Detective Bonnet investigates the scene and finds that the victim's name was Elizabeth Soapault. Soon after, another ballet dancer named Jacqueline Lorrein is murdered in room number 13 of a Montmartre apartment. The inspector tells Bonnet they have a witness report claiming an American named Jack Dupree rented the room. The witness claimed that she saw Dupree running in haste, dropping something into a grate.

The inspector gives Bonnet his business card while asking her to forget about the case. Arriving back at her hotel, the desk clerk hands her a letter from Jack Dupree stating he is innocent and wants to meet her in private at 11 p.m. at Pont des Invalides.

===Pont des Invalides===
Nicole accepts the invitation and drives to Pont des Invalides. There, she meets Jack, and he invites her to come to his apartment to show her his evidence to prove his innocence. While they are talking, a hooded teenager on a motorcycle passes by. He shoots at Jack, who has just mentioned to Nicole that someone wants to frame him. Nicole throws her laptop at the moving bike and knocks the gun out of the rider's hands. She picks it up and fires it at his back, but misses.

After this incident, she is confronted by the police, who bring her to Inspector Pety. The inspector orders her to leave France, assigning a fellow officer to accompany Nicole while she packs her bags. She and the police officer arrive at the hotel, and Nicole pretends to pack her belongings. She escapes through the hotel's back door, and puts a handkerchief in the police car's exhaust pipe.

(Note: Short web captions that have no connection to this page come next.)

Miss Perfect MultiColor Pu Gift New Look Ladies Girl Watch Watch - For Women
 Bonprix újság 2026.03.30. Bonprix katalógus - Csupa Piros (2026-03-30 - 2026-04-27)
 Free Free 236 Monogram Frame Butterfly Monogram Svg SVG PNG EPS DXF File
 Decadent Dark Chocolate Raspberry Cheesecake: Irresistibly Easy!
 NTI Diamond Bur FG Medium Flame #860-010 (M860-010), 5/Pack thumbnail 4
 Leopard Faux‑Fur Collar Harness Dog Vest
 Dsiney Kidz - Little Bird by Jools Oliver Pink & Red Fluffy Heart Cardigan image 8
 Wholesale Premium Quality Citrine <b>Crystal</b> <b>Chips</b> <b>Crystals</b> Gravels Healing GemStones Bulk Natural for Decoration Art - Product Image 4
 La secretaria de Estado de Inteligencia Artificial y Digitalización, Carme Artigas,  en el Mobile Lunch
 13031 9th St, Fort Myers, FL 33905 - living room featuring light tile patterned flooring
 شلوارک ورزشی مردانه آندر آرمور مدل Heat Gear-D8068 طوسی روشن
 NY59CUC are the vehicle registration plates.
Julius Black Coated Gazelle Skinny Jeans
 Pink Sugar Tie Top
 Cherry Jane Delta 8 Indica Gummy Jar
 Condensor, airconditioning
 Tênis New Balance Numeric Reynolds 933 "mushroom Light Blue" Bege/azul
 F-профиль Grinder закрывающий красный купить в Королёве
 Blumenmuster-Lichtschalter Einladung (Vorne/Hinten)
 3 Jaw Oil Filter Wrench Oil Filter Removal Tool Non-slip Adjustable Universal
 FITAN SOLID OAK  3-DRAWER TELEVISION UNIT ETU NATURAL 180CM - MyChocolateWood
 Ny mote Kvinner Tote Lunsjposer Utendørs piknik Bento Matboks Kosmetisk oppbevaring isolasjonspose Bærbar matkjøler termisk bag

===Montmartre apartment===
On August 16, 2007, Nicole goes to a Montmartre apartment, where she thinks she will find the evidence of Jack's innocence. Since she doesn't want to tamper with evidence, she decides to sneak into a room by going through a side window. In the apartment she finds a secret compartment, in which she finds a diary in a chest. The diary contains information on the framing. At this point, she hears someone enter the apartment. She hides in a closet and sees a man with a gun coming in. As soon he gets close enough, she jumps out and knocks him to the floor. Nicole jumps out of the window, with the man shooting at her back. After her flight, Nicole drives to a hotel, where she meets a man named Louis Carnot. He asks her about Jack and some documents. Nicole becomes very suspicious of him. After this, she travels to Moulin Rouge.

===Moulin Rouge===
Nicole arrives at Moulin Rouge the next day. As soon as she arrives, she goes to the backyard, and opens a hatch with a metal pole. She enters a dressing room, and opens the door with Jack's key, which she took from his desk in the apartment. In a dressing room, she finds a phone and reads a message about the next victim. After that, she snoops around the dressing room, where she finds aspirin. She overhears somebody talking, and leaves the building. Nicole runs outside and gets into her car, but is delayed by an unknown man in her car. He points a gun at her and forces her to drive to a hotel. In a hotel room, the man tells her that Jack Dupree has been killed, and that he wants the chest that Nicole took from a secret compartment in Jack's apartment.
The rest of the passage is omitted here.